------ INPUT DATA

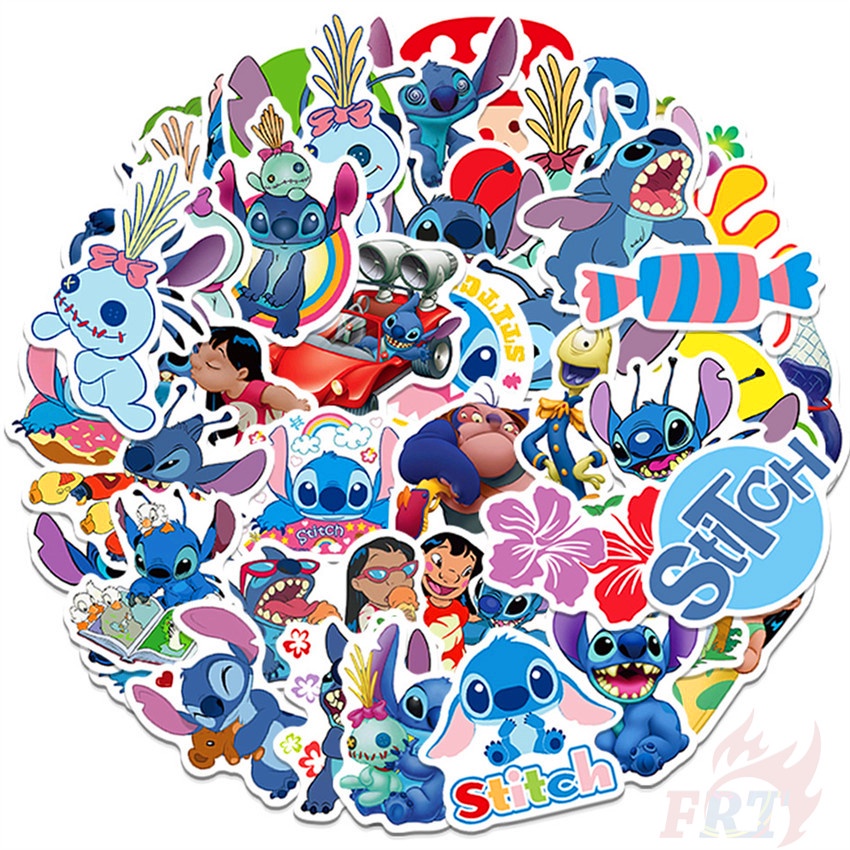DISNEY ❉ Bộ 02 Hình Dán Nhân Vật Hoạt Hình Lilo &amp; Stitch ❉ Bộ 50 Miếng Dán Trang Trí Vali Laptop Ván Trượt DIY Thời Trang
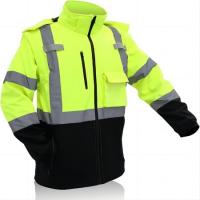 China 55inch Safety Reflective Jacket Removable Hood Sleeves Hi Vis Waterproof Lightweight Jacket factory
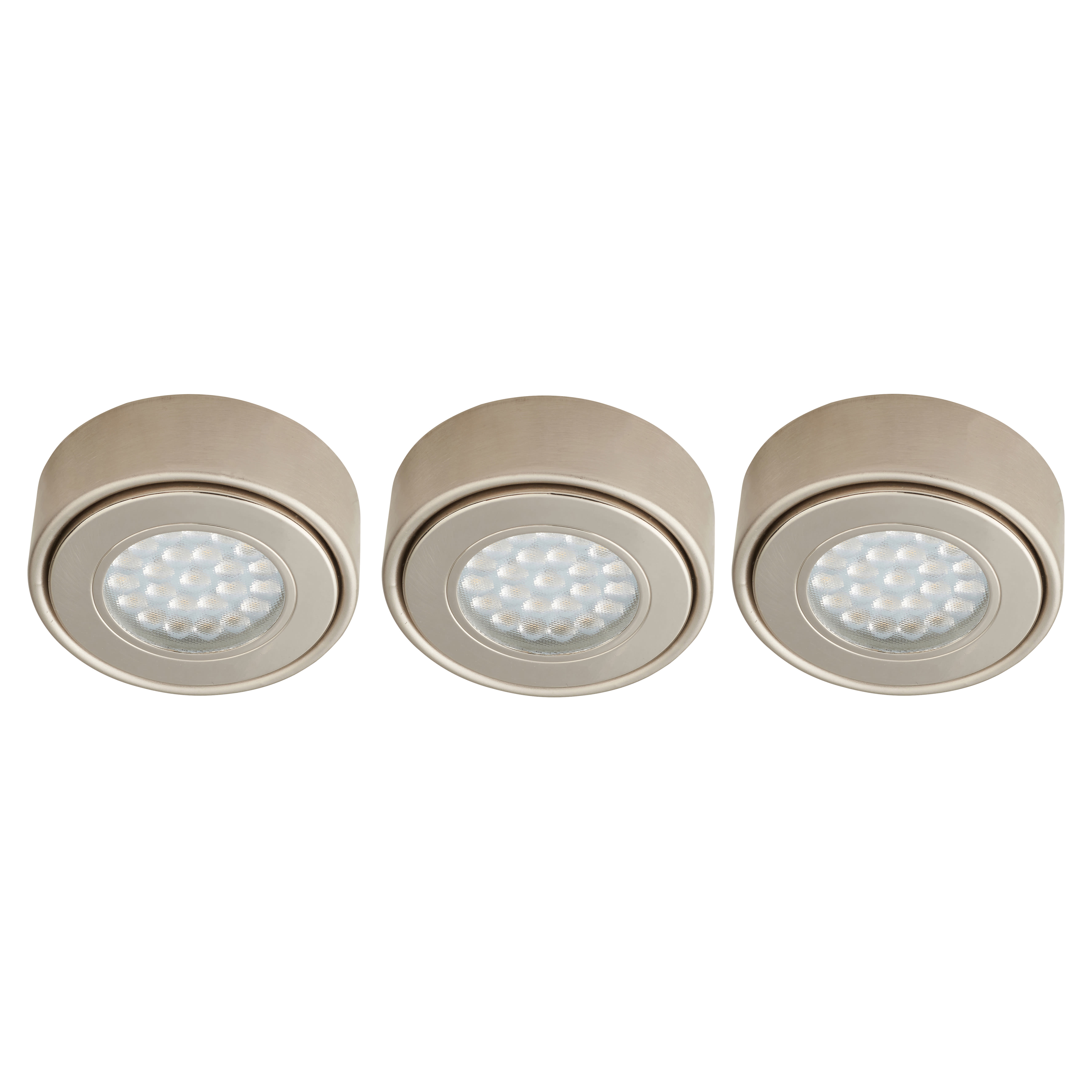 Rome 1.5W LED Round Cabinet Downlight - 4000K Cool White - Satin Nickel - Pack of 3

------------
------ INPUT DATA

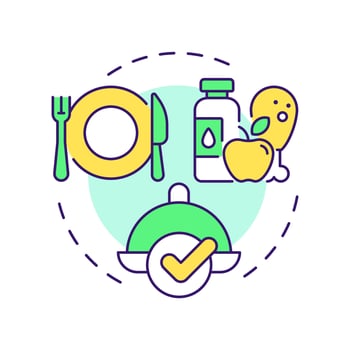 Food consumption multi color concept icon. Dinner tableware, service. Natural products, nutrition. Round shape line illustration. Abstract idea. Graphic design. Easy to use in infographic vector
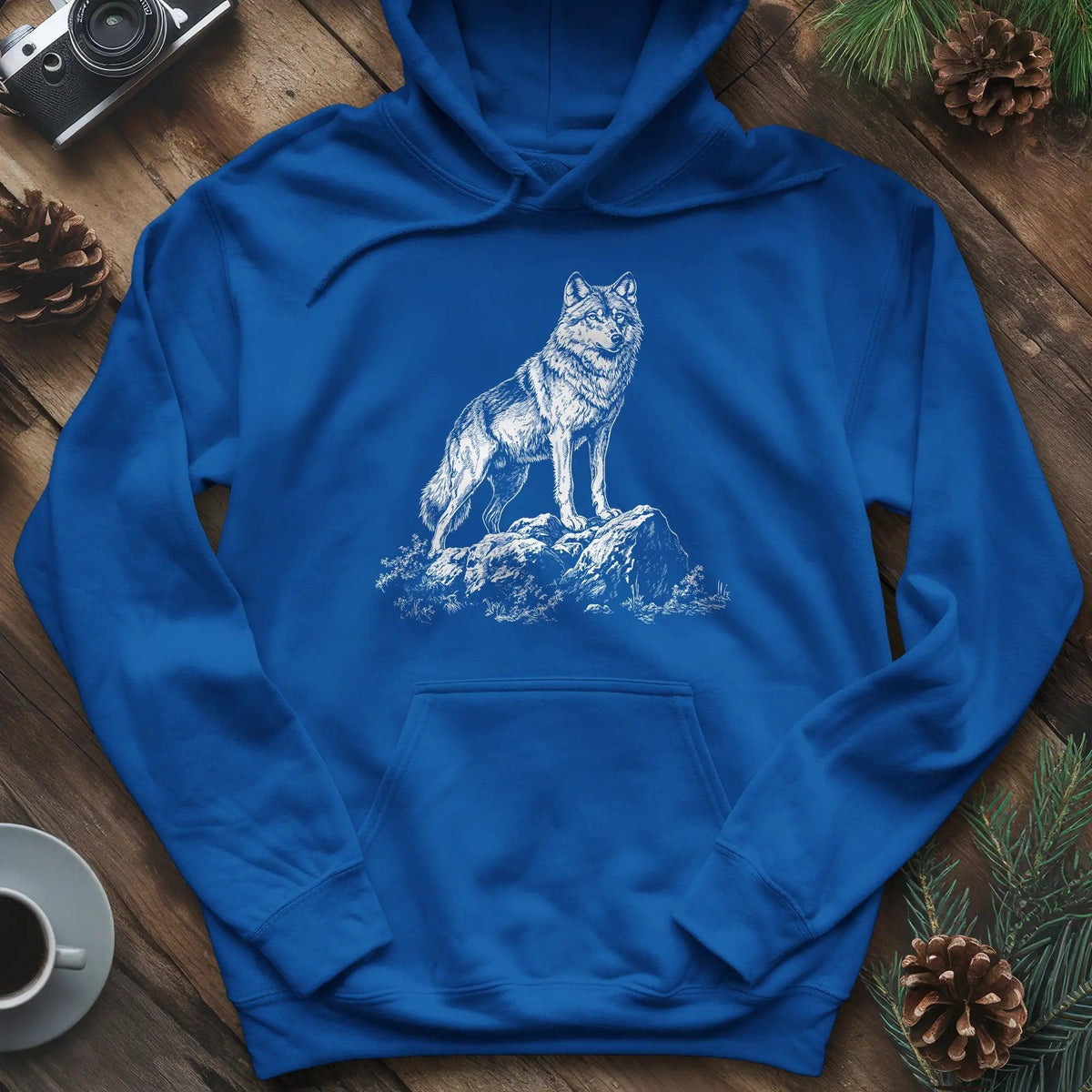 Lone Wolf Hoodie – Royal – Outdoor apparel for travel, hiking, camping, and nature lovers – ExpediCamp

------------

### WHAT YOU HAVE TO DO
Look back at the data above, then output exactly the lines from the line holding "DISNEY ❉ Bộ" up to and including the line holding "Rome 1.5W LED". Leave out the pictures.

### ANSWER BOX
DISNEY ❉ Bộ 02 Hình Dán Nhân Vật Hoạt Hình Lilo &amp; Stitch ❉ Bộ 50 Miếng Dán Trang Trí Vali Laptop Ván Trượt DIY Thời Trang
 China 55inch Safety Reflective Jacket Removable Hood Sleeves Hi Vis Waterproof Lightweight Jacket factory
 Rome 1.5W LED Round Cabinet Downlight - 4000K Cool White - Satin Nickel - Pack of 3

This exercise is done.